Mike Conway, 04 Jan 2022
This notebook utilizes and extends code generated by Cole Citrenbaum
This notebook generates a scatterplot of Google Trends results for the terms:
"alcoholic" OR "alcoholic"
First, import relevant Python3 libraries:
from pytrends.request import TrendReq
import datetime as dt
import matplotlib.pyplot as plt
plt.rcParams['figure.figsize'] = [30, 30]
%matplotlib inline
import numpy as np
import pandas as pd
from sklearn.linear_model import LinearRegression
from sklearn.metrics import mean_squared_error, r2_score
import seaborn as sns
Second, call pytrends library with relevant terms and generate pandas data frame. Search is restricted to the United States during the period Jan 2004 to Dec 2021
pytrends = TrendReq(hl='en-US', tz=360) # trend request
kw_list = ["\"alcoholic\" + \"alcoholics\""] # keyword list
pytrends.build_payload(kw_list, cat=0, timeframe='2004-01-01 2021-12-31', geo='US', gprop='') # build pytrends data
trendinfo = pd.DataFrame(pytrends.interest_over_time()) # interest over time, dataframe format
# SHOWS ALL ROWS
#pd.set_option('display.max_rows',trendinfo.shape[0]+1)
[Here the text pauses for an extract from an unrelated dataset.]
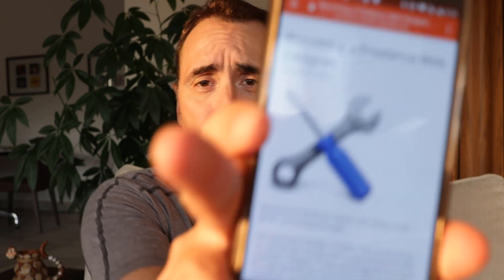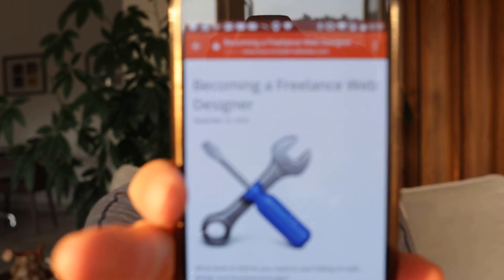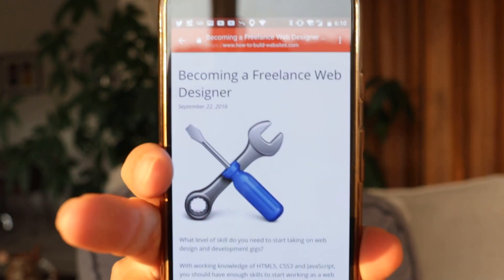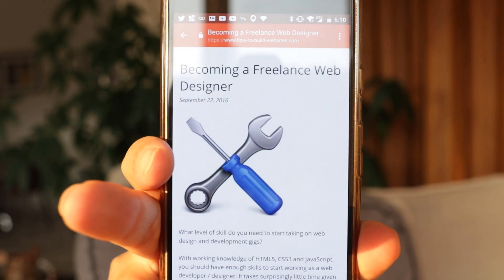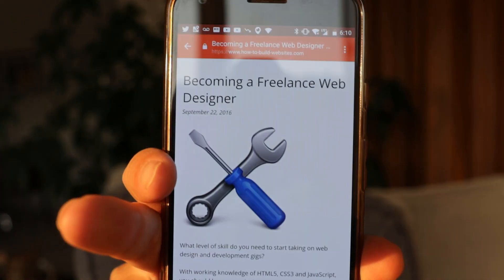Hey guys, Steph here. So in this vlog, I'm going to talk about becoming a freelance web designer. It's actually from an article I wrote about a year ago on how to build websites.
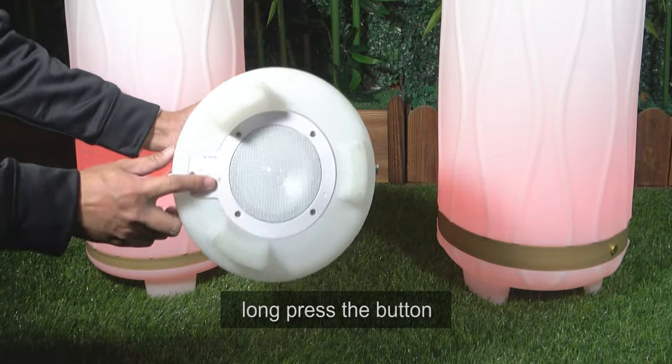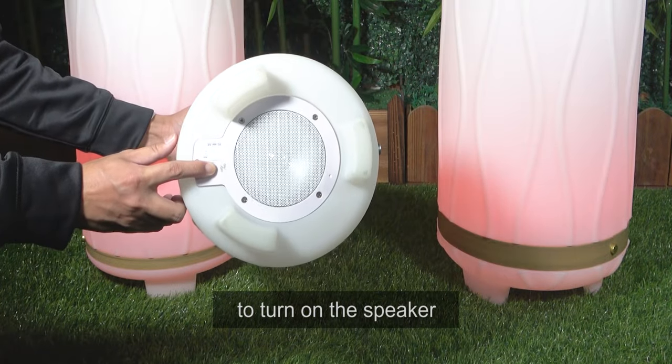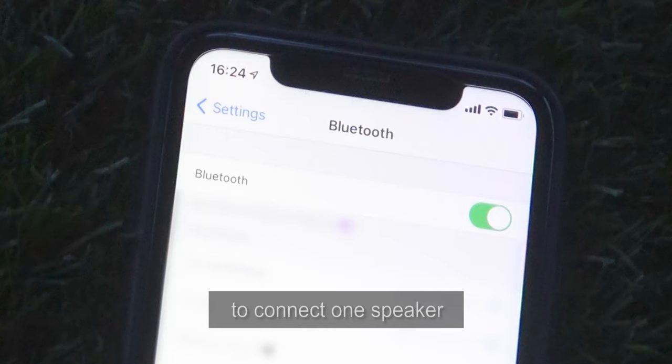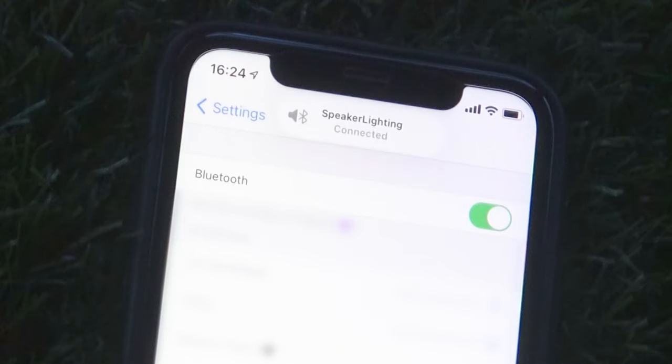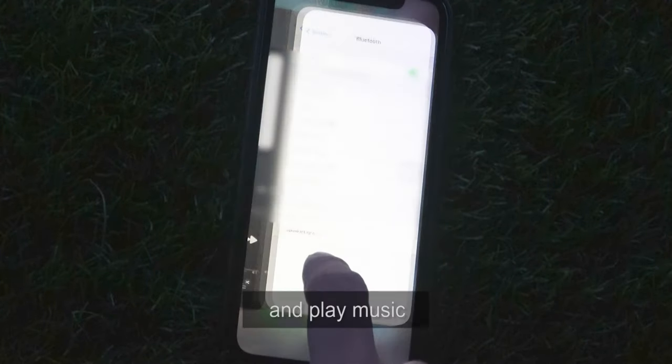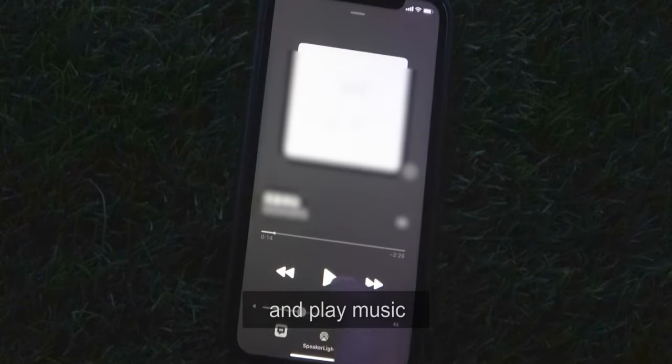Long press the button to turn on the speaker. Then, pair your smartphone or other Bluetooth-enabled device to the speaker, and play music.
# SHOWS HEAD (first 5 rows in dataframe)
trendinfo.head()
"alcoholic" + "alcoholics" | isPartial | |
---|---|---|
date | ||
2004-01-01 | 89 | False |
2004-02-01 | 88 | False |
2004-03-01 | 95 | False |
2004-04-01 | 96 | False |
2004-05-01 | 79 | False |
Third, plotting
indices = trendinfo.index # in datetime format
x = np.array(trendinfo['"alcoholic" + "alcoholics"']).reshape((-1, 1)) # alcohol use array
fig, ax = plt.subplots()
ax.scatter(indices, x, color='g', s=3,label='\"alcoholic\" OR \"alcoholics\"')
plt.legend(bbox_to_anchor=(.39, 1), loc='upper left', borderaxespad=0.)
plt.ylabel('Search Interest')
plt.xlabel('Year')
plt.show()
fig.savefig("alcoholic.png", dpi=300)